▸ **Source material**:
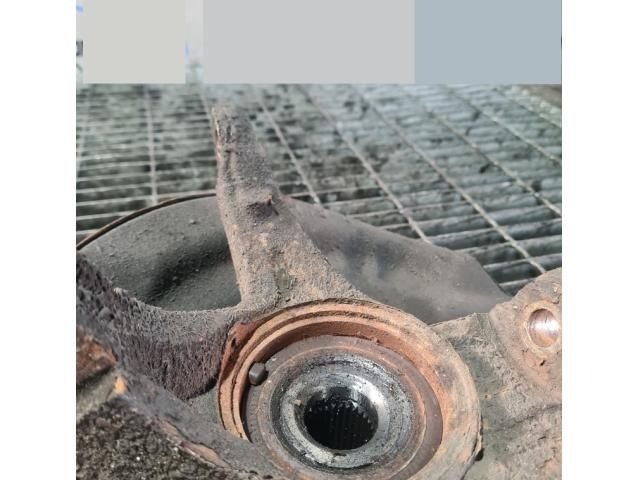 bontott HONDA CR-V Jobb első Csonkállvány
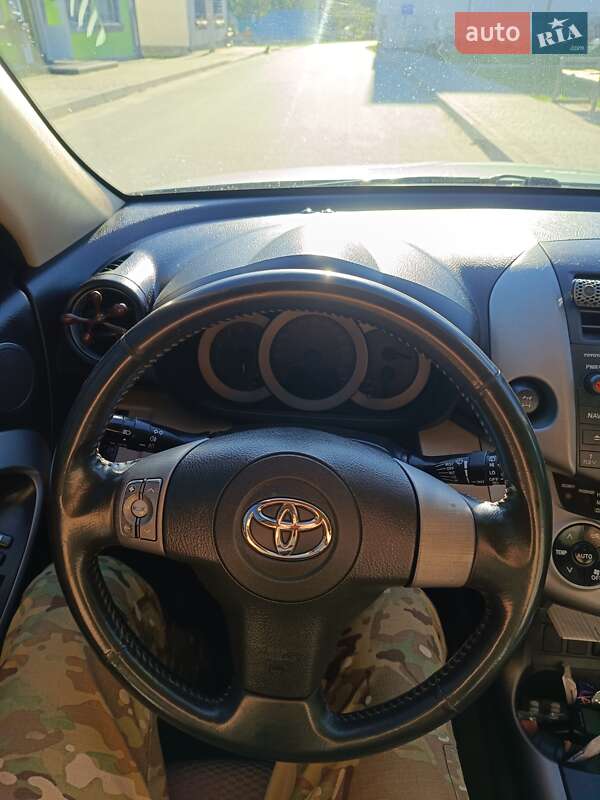 Toyota RAV4 2007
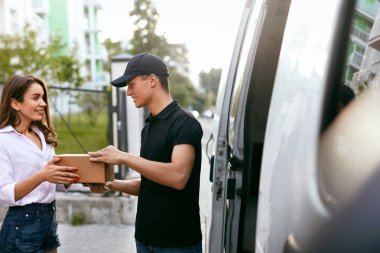 Teslimat hizmeti. Kadın araba yakınındaki paket sunma kurye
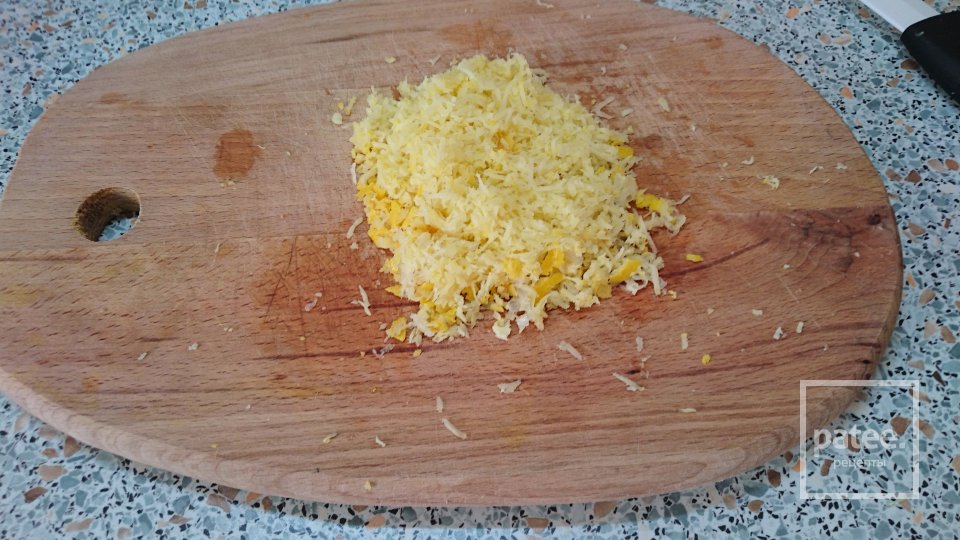 Лимонный бисквит в мультиварке со сметанным кремом и глянцевой шоколадной глазурью - Шаг 1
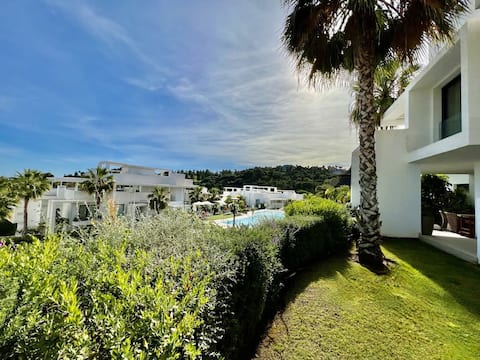 Deluxe garden apt with pool, sauna, hammam, golf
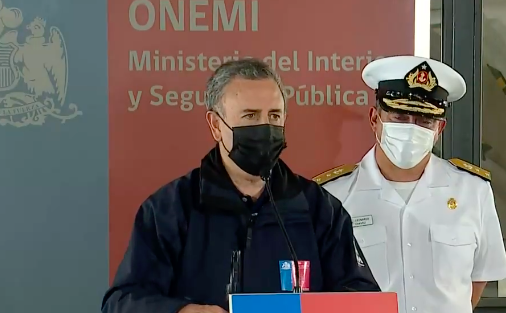 Onemi advierte que las personas deben salir del agua por Estado de Precaución: 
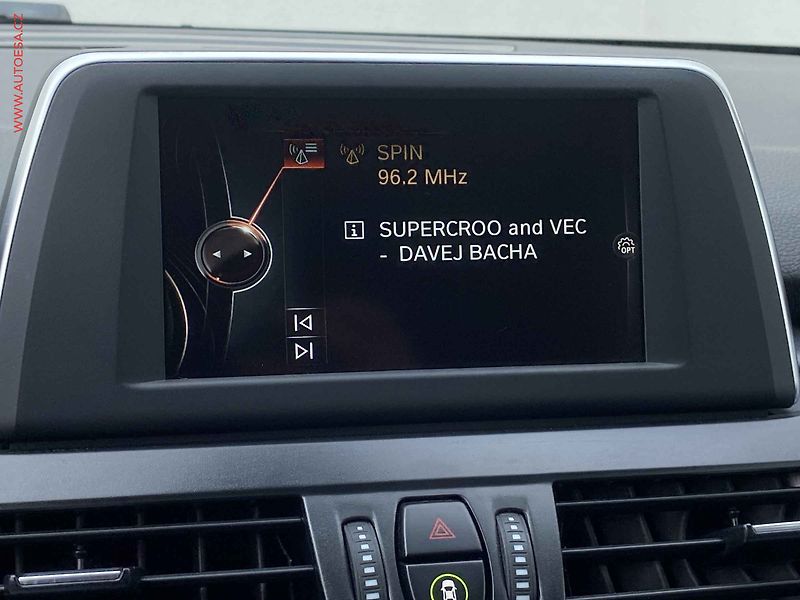 BMW Řada 2 (2016) 2.0D xDrive218d, M Sport, AT - fotka 16 z 17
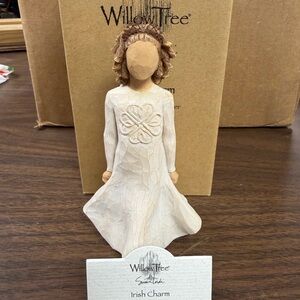 Willow Tree Irish Charm NWT comes with box
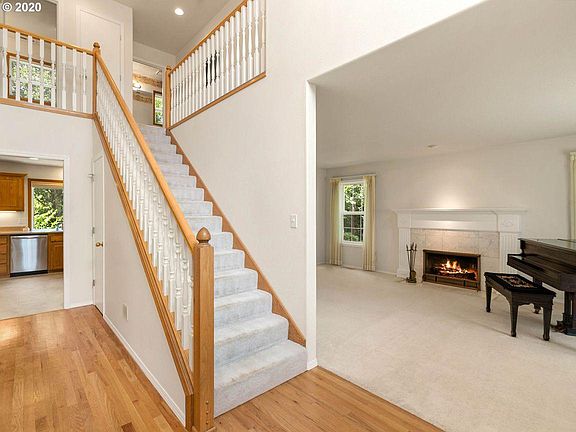 2nd image of 2478 NE Nicki Ct
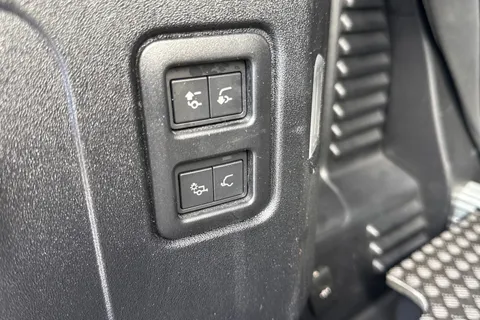 KW74YSO Land Rover Defender 90 3.0 D350 X-Dynamic HSE 3dr Thumbnail #29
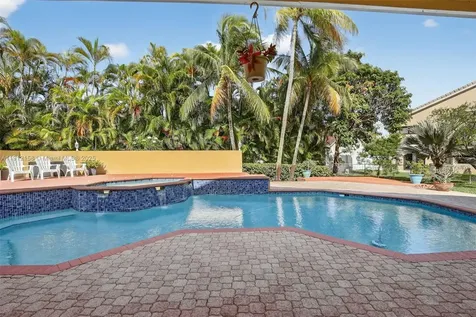 955 NW 197th Terrace Pembroke Pines FL 33029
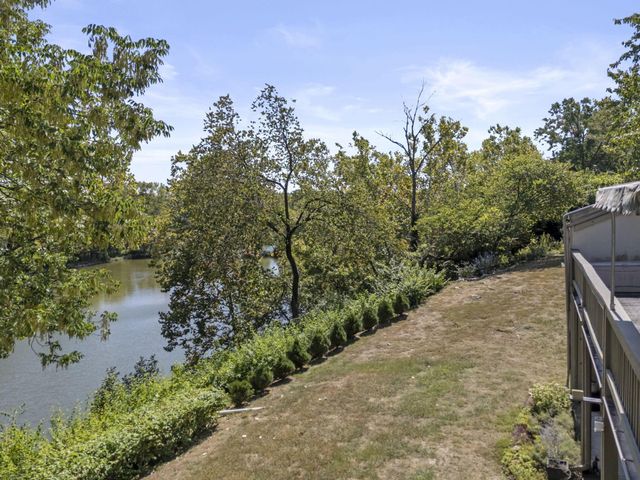 1324 Lake Shore Drive, B, Columbus, OH 43204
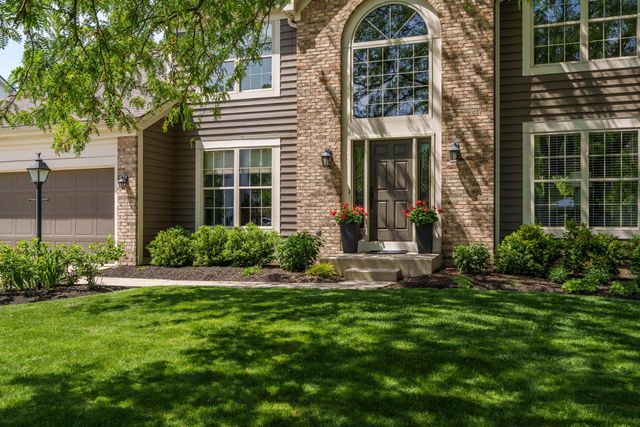 4500 Huntwicke Drive, Hilliard, OH 43026
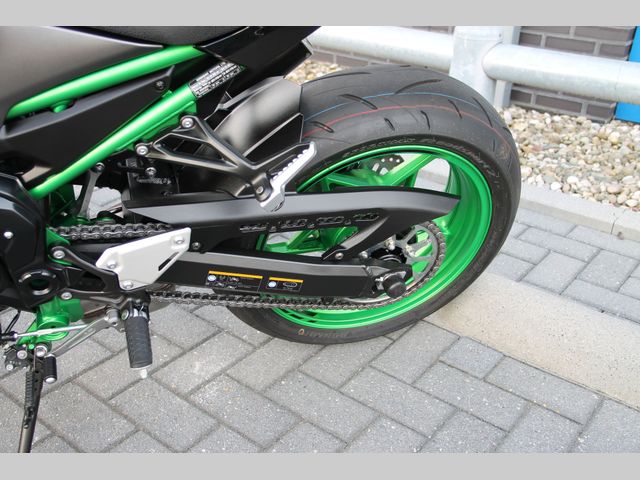 kawasaki - z900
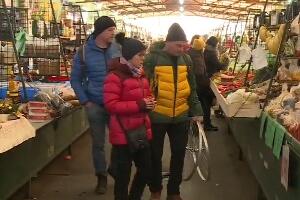 Купци из Мађарске носе наш ајвар и тренерке
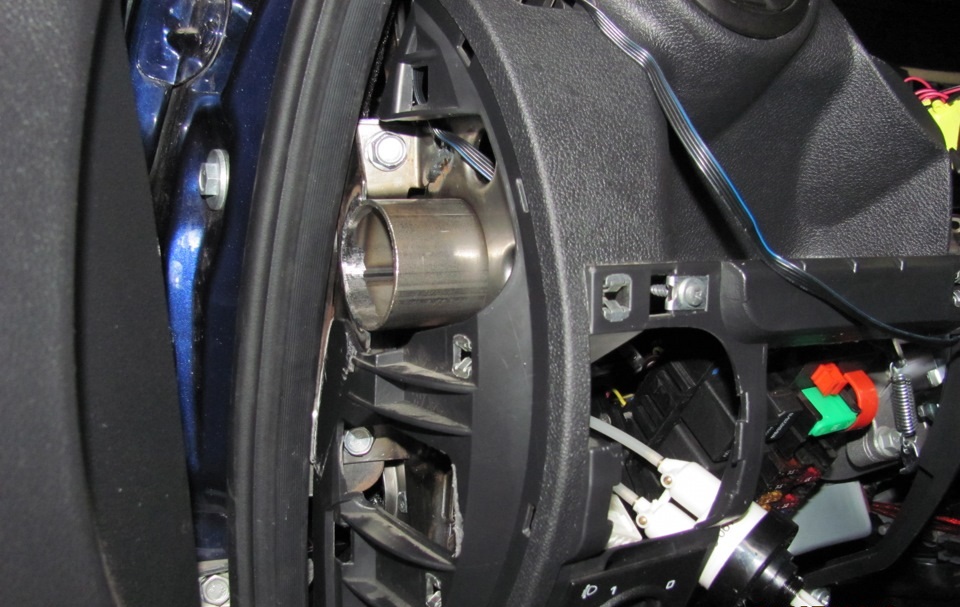 Крепление каркаса панели приборов к стойке кузова Лада Гранта (ВАЗ 2190)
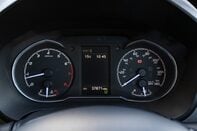 Toyota Yaris VVT-I ICON TECH 15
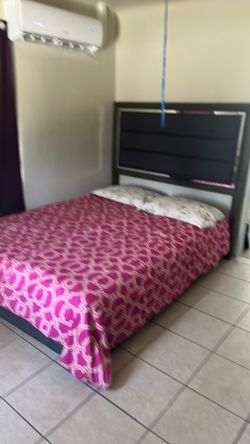 Cama tamaño  Q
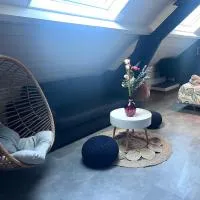 Suite la Parenthèse cosy avec salon prive 25m2 Wifi Netflix Duclair，位于Duclair的酒店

▸ **Aim of the exercise**: Could you write out the records exactly while omitting every picture?

▸ **Task answer**:
 bontott HONDA CR-V Jobb első Csonkállvány
 Toyota RAV4 2007
 Teslimat hizmeti. Kadın araba yakınındaki paket sunma kurye
 Лимонный бисквит в мультиварке со сметанным кремом и глянцевой шоколадной глазурью - Шаг 1
 Deluxe garden apt with pool, sauna, hammam, golf
 Onemi advierte que las personas deben salir del agua por Estado de Precaución: 
 BMW Řada 2 (2016) 2.0D xDrive218d, M Sport, AT - fotka 16 z 17
 Willow Tree Irish Charm NWT comes with box
 2nd image of 2478 NE Nicki Ct
 KW74YSO Land Rover Defender 90 3.0 D350 X-Dynamic HSE 3dr Thumbnail #29
 955 NW 197th Terrace Pembroke Pines FL 33029
 1324 Lake Shore Drive, B, Columbus, OH 43204
 4500 Huntwicke Drive, Hilliard, OH 43026
 kawasaki - z900
 Купци из Мађарске носе наш ајвар и тренерке
 Крепление каркаса панели приборов к стойке кузова Лада Гранта (ВАЗ 2190)
 Toyota Yaris VVT-I ICON TECH 15
 Cama tamaño  Q
 Suite la Parenthèse cosy avec salon prive 25m2 Wifi Netflix Duclair，位于Duclair的酒店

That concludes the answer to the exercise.